## PROBLEM REQUIREMENTS
Please return exactly the lines from the top of the data through the line that contains "Alizeal Cravate fine", and skip all pictures.

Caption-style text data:
***

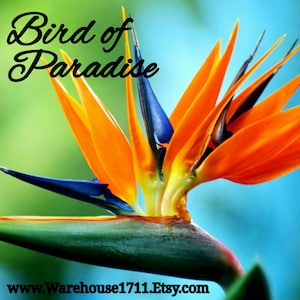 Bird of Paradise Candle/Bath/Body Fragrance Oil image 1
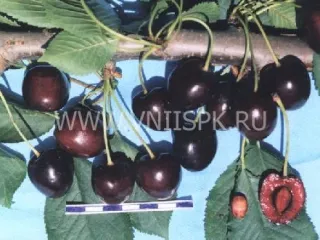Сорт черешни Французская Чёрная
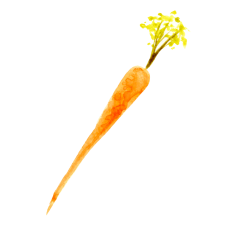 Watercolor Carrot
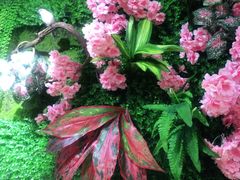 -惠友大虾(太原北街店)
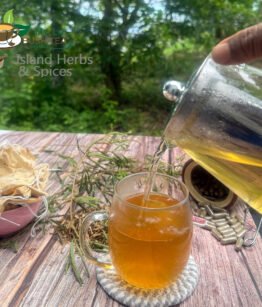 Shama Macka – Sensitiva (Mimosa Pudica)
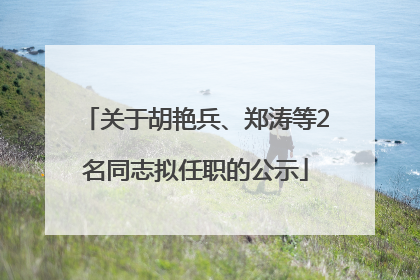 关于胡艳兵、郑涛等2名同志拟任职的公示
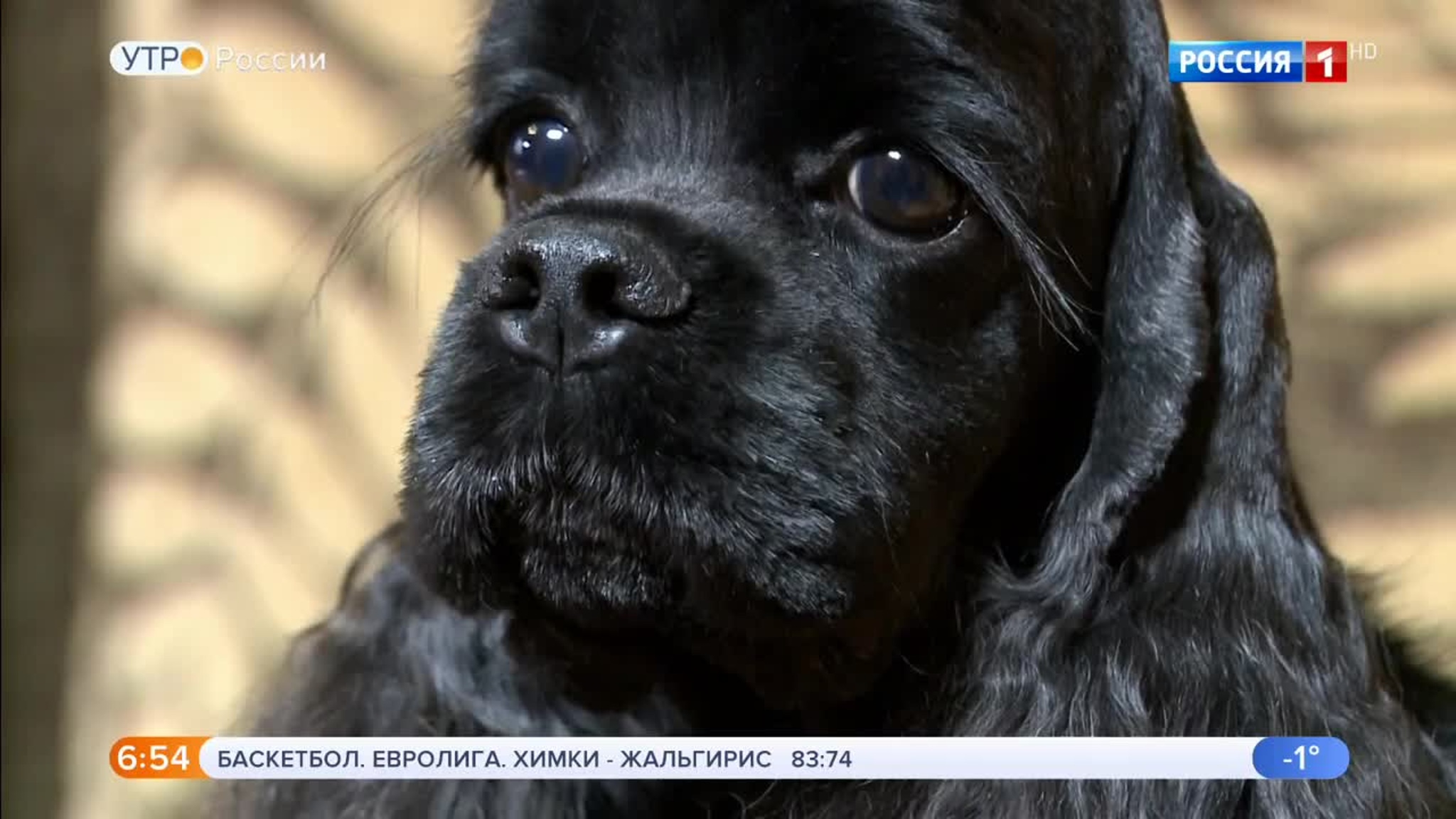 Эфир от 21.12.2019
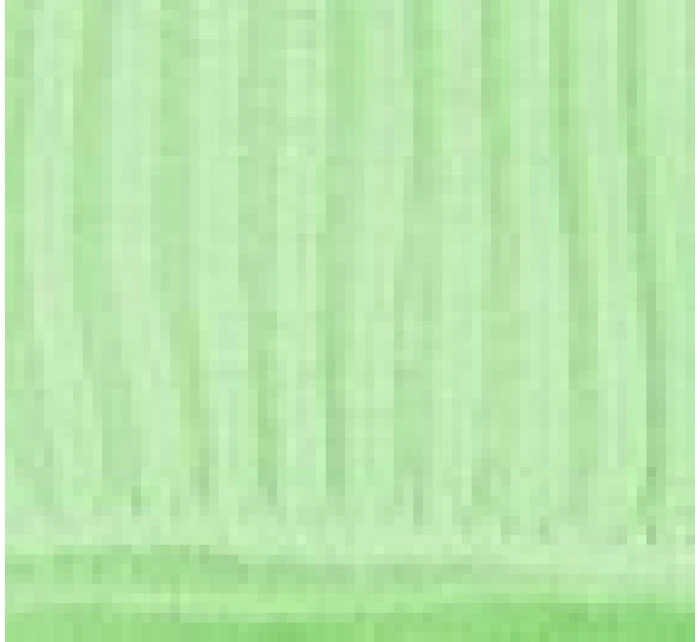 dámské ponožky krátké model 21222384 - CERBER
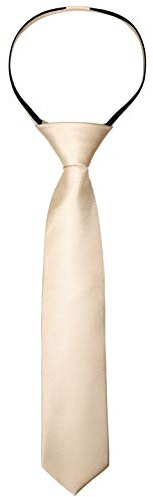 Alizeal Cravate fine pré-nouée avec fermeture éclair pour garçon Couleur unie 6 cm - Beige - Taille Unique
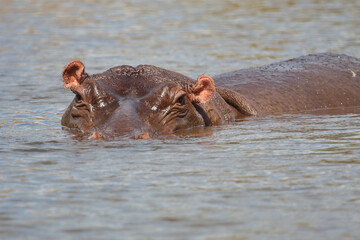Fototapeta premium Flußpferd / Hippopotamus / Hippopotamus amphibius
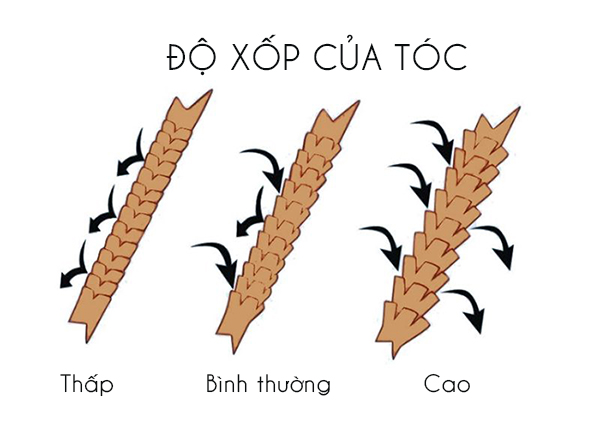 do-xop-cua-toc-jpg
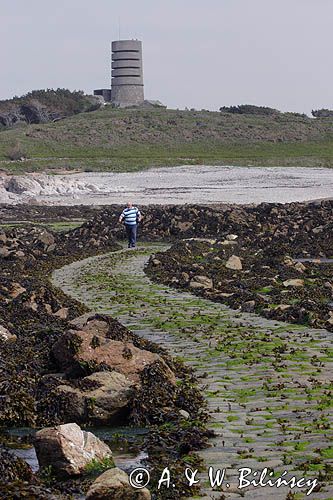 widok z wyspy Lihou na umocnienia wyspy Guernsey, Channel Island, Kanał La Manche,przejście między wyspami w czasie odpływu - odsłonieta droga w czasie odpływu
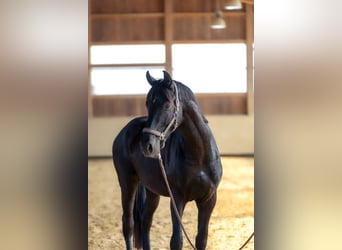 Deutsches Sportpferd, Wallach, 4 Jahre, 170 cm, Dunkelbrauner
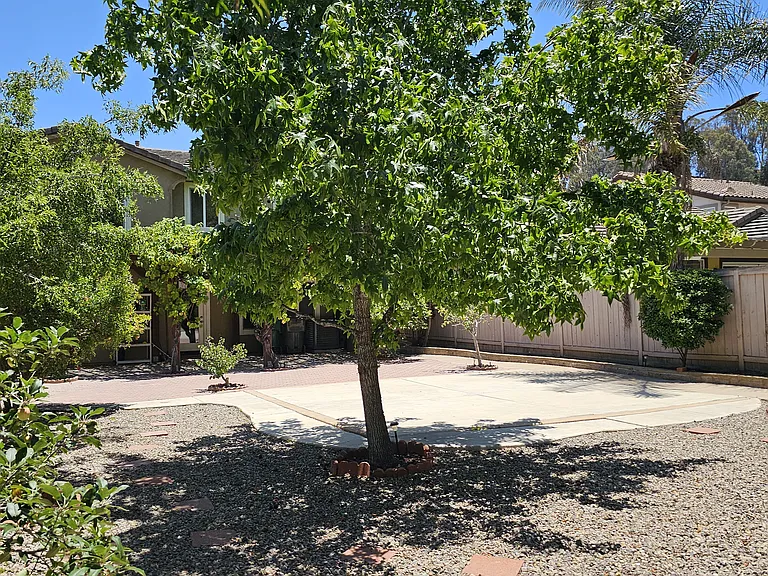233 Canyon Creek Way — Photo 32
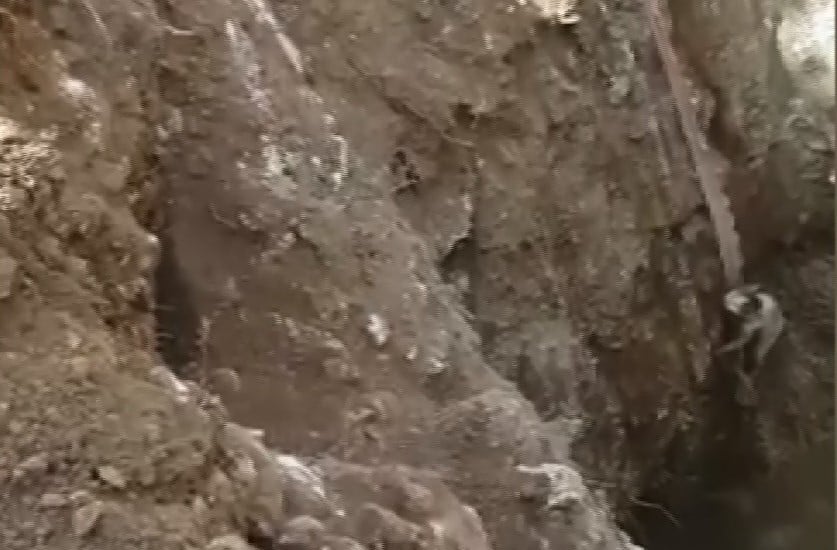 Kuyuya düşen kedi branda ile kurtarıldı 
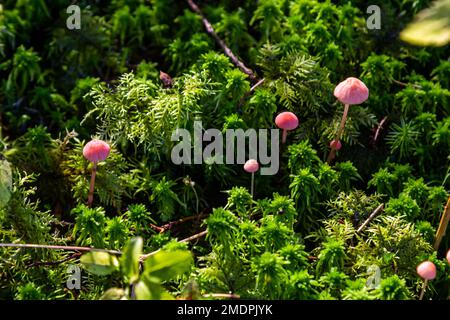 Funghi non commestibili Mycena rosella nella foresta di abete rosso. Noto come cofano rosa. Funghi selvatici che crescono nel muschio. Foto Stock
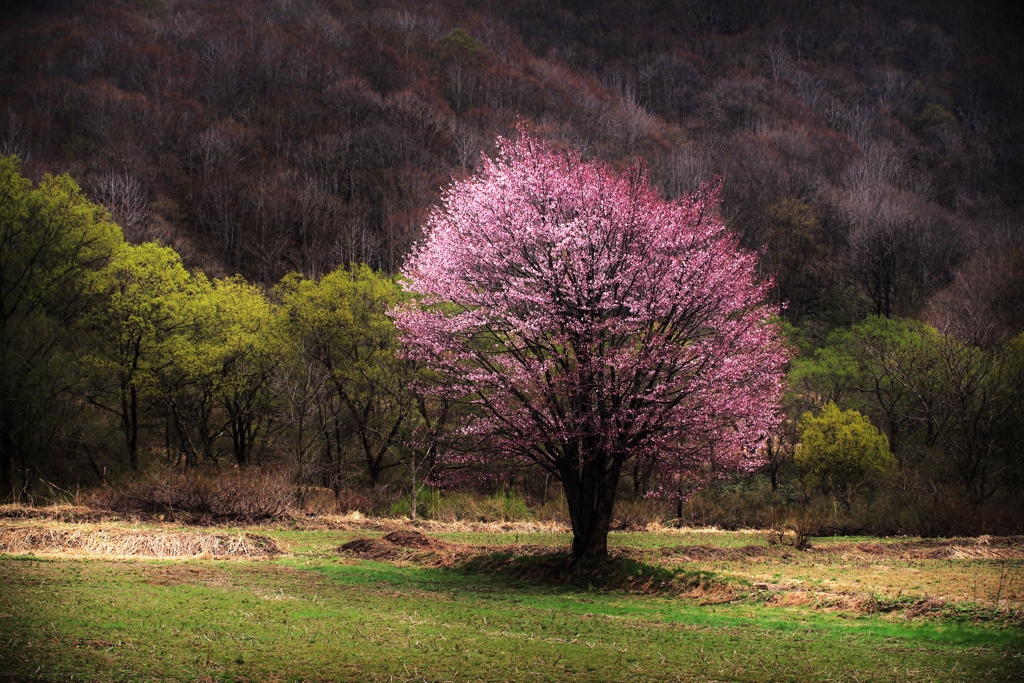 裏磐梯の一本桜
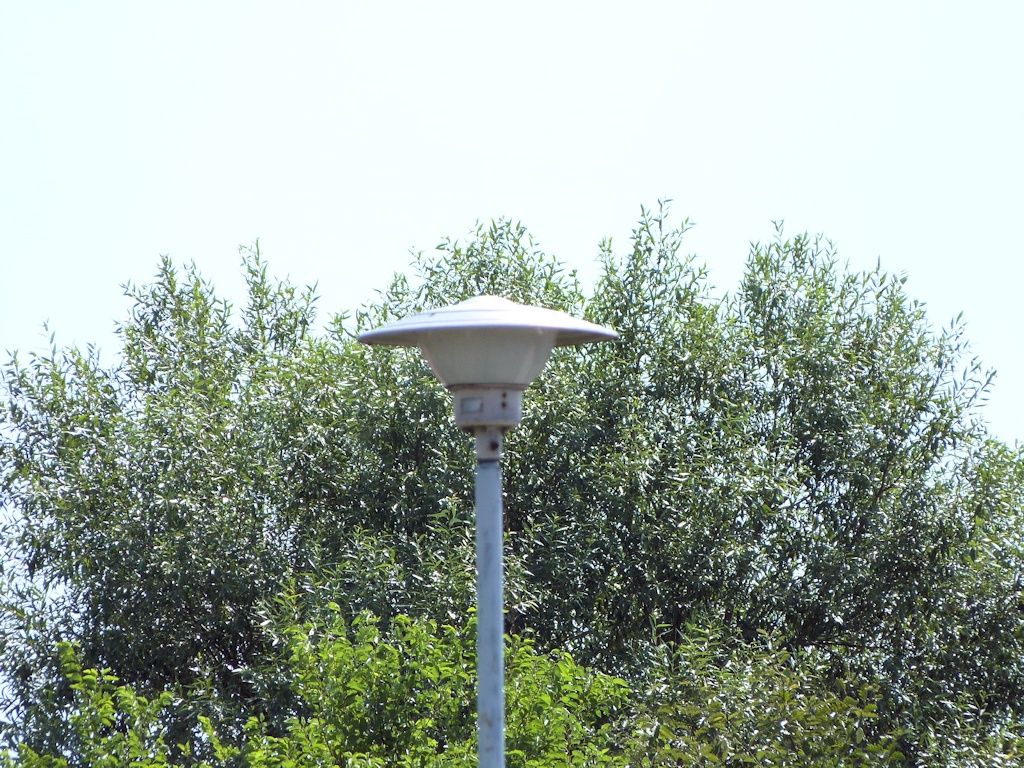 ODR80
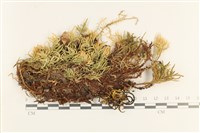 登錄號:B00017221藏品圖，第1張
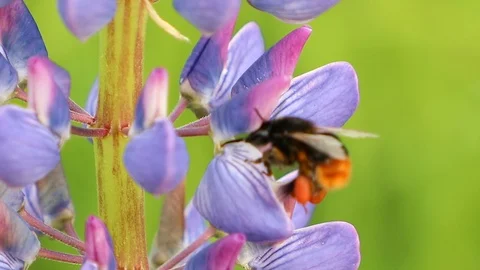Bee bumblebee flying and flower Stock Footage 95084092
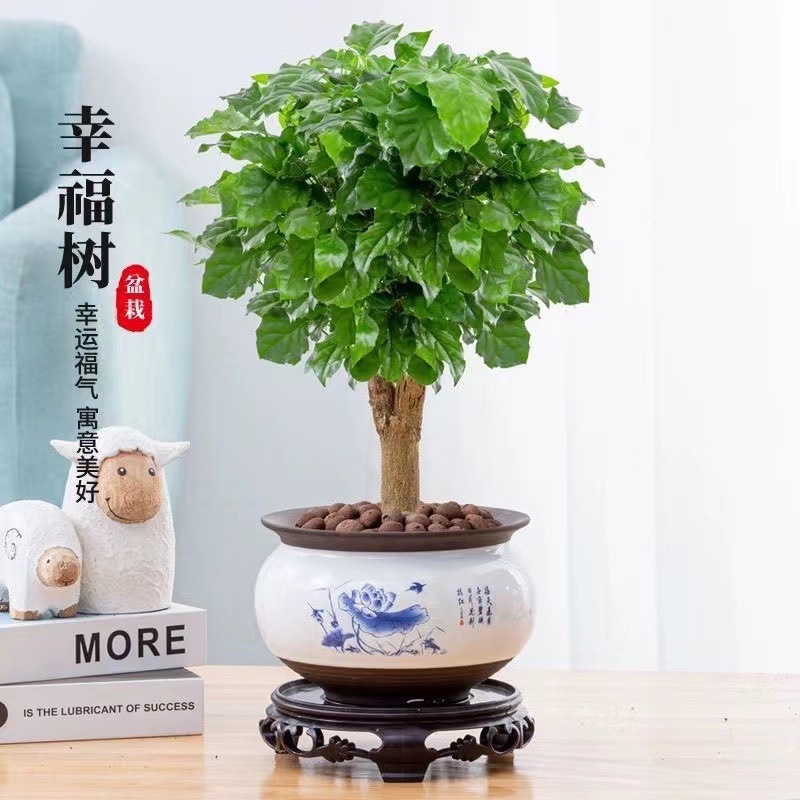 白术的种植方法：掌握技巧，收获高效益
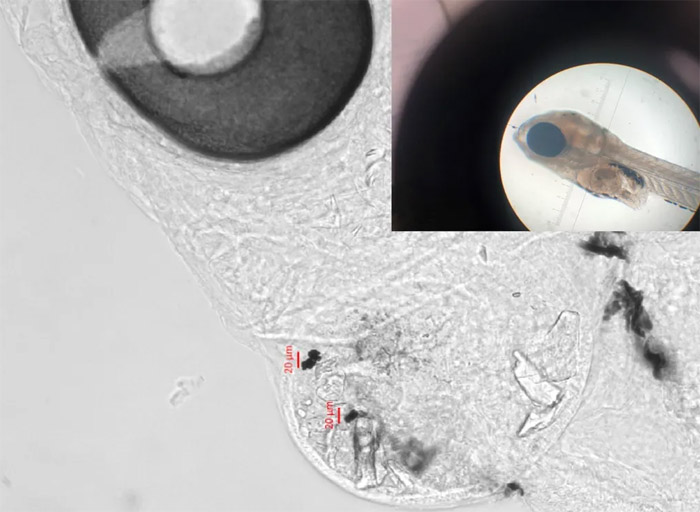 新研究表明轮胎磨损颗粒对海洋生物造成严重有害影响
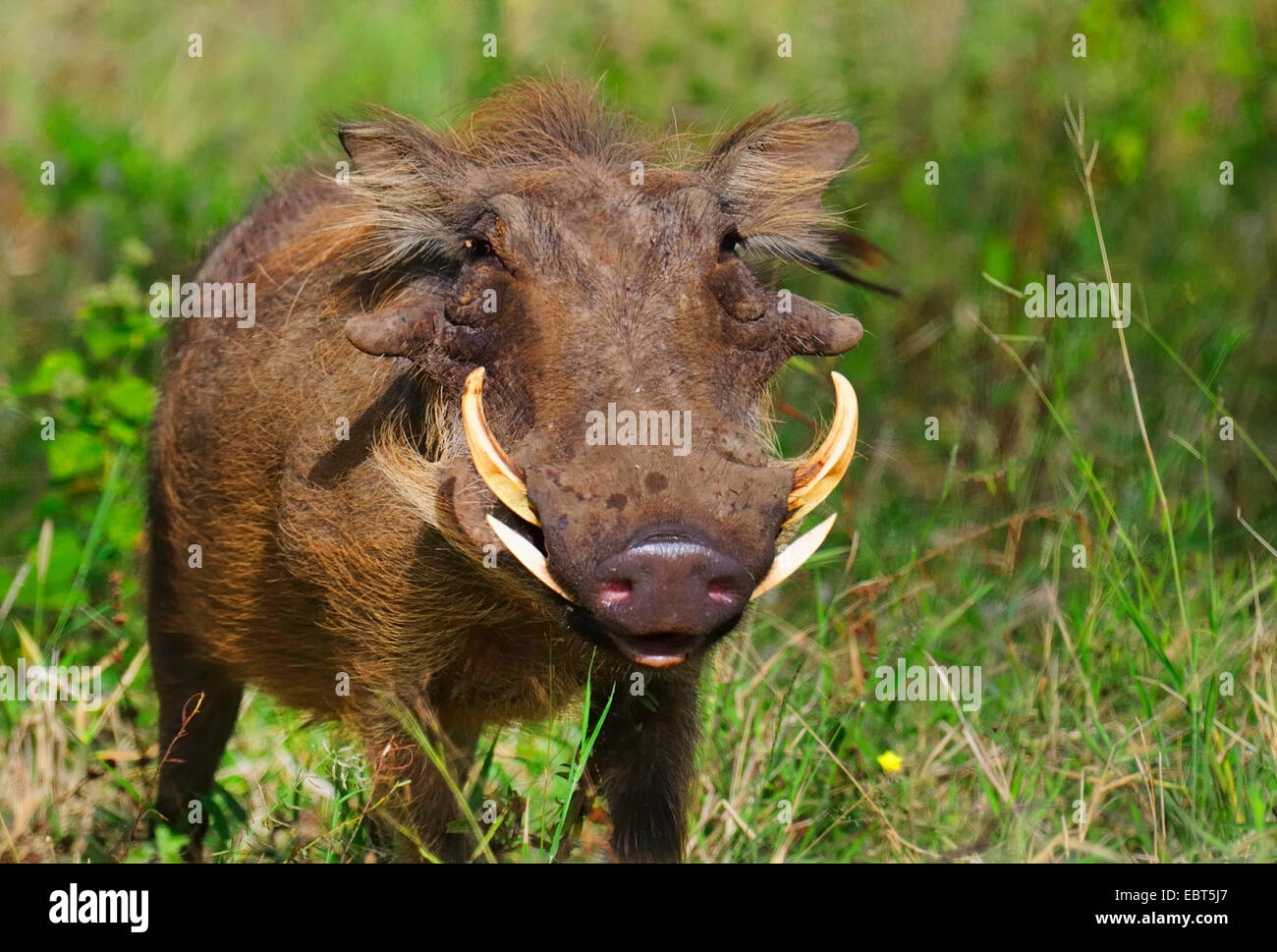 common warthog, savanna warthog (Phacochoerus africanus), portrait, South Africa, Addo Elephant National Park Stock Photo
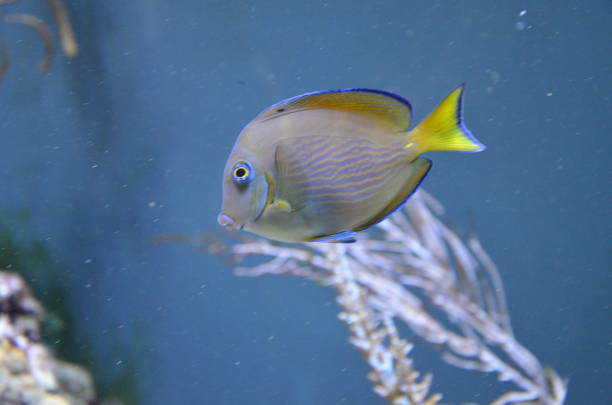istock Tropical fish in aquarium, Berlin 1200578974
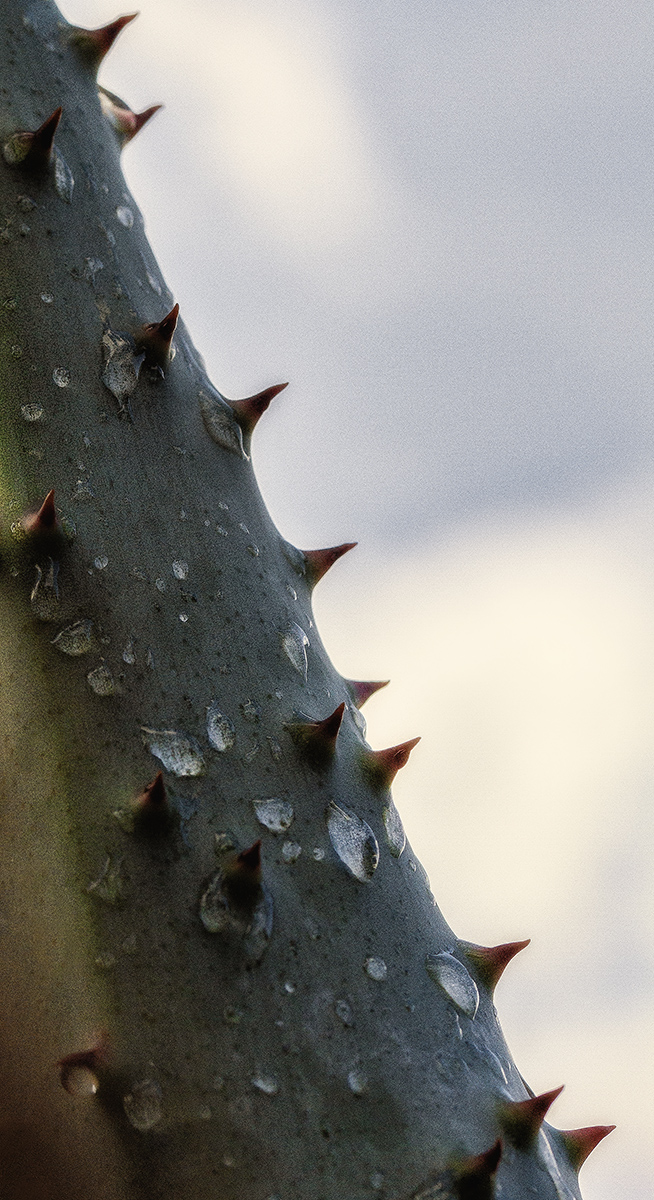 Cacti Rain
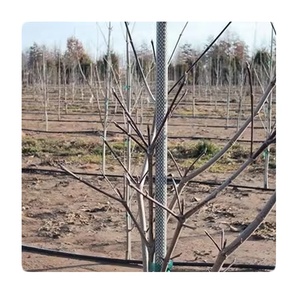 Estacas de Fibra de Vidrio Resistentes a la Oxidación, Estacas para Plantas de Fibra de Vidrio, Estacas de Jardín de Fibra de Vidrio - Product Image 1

***

## ANSWER SECTION
 Bird of Paradise Candle/Bath/Body Fragrance Oil image 1
Сорт черешни Французская Чёрная
 Watercolor Carrot
 -惠友大虾(太原北街店)
 Shama Macka – Sensitiva (Mimosa Pudica)
 关于胡艳兵、郑涛等2名同志拟任职的公示
 Эфир от 21.12.2019
 dámské ponožky krátké model 21222384 - CERBER
 Alizeal Cravate fine pré-nouée avec fermeture éclair pour garçon Couleur unie 6 cm - Beige - Taille Unique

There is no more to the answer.